Well, as I write this, it’s not Monday, but here it is a soggy day outside my window.  With sounds of the thunder, along with the pounding of drops on the roof and doors, I have warmed up to my computer with coffee mug in hand.

Frankly, growing up in Texas, I loved the storms with their flash floods and darkened skies, as long as I wasn’t standing in the way of one.  Call me odd, but that’s how I’ve always felt about rainy days.  Then I moved to Buffalo, NY for a five year stint.  Oh, my stars!  I never knew there were that many dark days, rainfall and snow in one year’s time.  Too much of a good thing?  Yep, it can get old and depressing.

Rain Front

As I was watching the sheets of rain shellacking the pavement and bending the branches, suddenly I recalled a reality TV show I saw not long ago.

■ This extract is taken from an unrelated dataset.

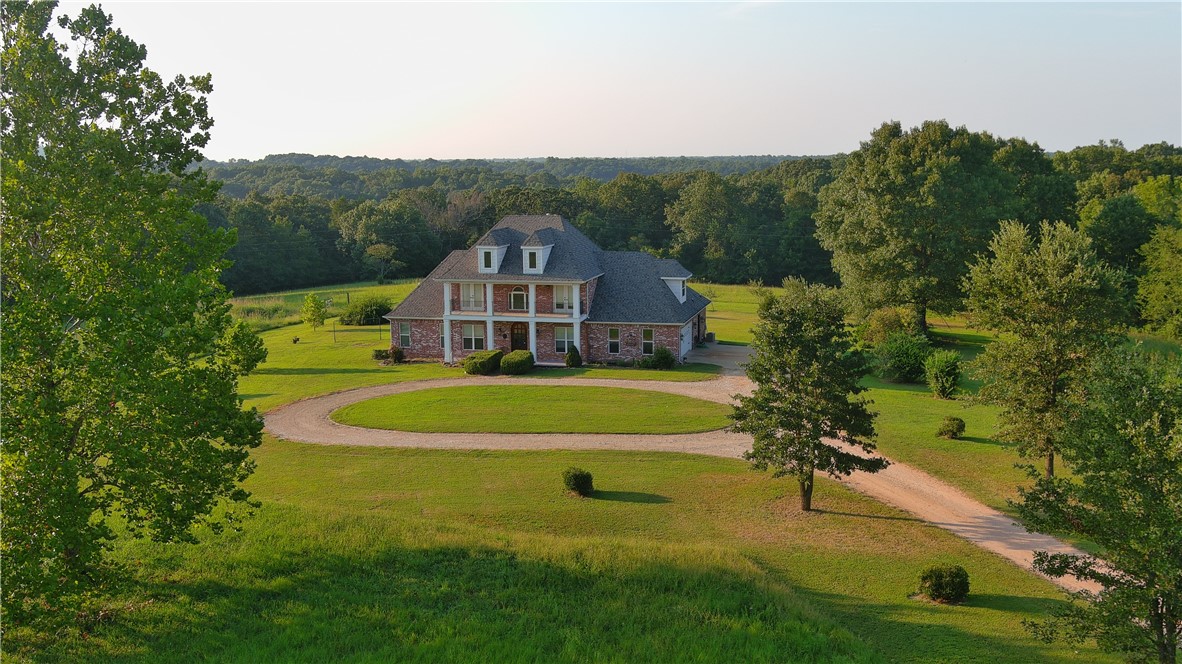 Back on the market at no fault of the sellers! The White River/Beaver Lake winds around this spacious property that includes a 4 bedroom, 3.5 bath, 3217sf home nestled on 31.86 acres mol. As you enter, you are greeted by a large foyer & formal dining room. The dine-in kitchen with granite countertops & stainless appliances opens up to a cozy hearth room with a gas fireplace. The sun-filled family room features built-in book shelves and cabinets, crown molding, & a wood burning fireplace w/insert. The main level primary bedroom features tray ceilings, large walk-in closet, his & her vanities, jetted tub, & walk-in shower. Adjacent to the primary bedroom is an office with a walk-in closet. Two staircases serve a bonus room & 3 spacious bedrooms, 2 of which open to a covered porch and a bathroom with a tub shower combo. The 4th bedroom has an en-suite bathroom with a walk-in shower. Developers take note as property could be subdivided into lake view lots.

My remote landed on a TV show about buying or building cabins, off the grid, in the Alaskan wilderness.  Have you seen it?  To be honest, I think I clicked on it knowing the scenery would be simply stunning.  Log cabins are very cool, as well.  For me, the idea of “roughing it” out in the Grizzly country of wonderful Alaska might sound fun…for a short period of time, like a day or so.  Maybe I’m too much of a hot-weather city boy at heart.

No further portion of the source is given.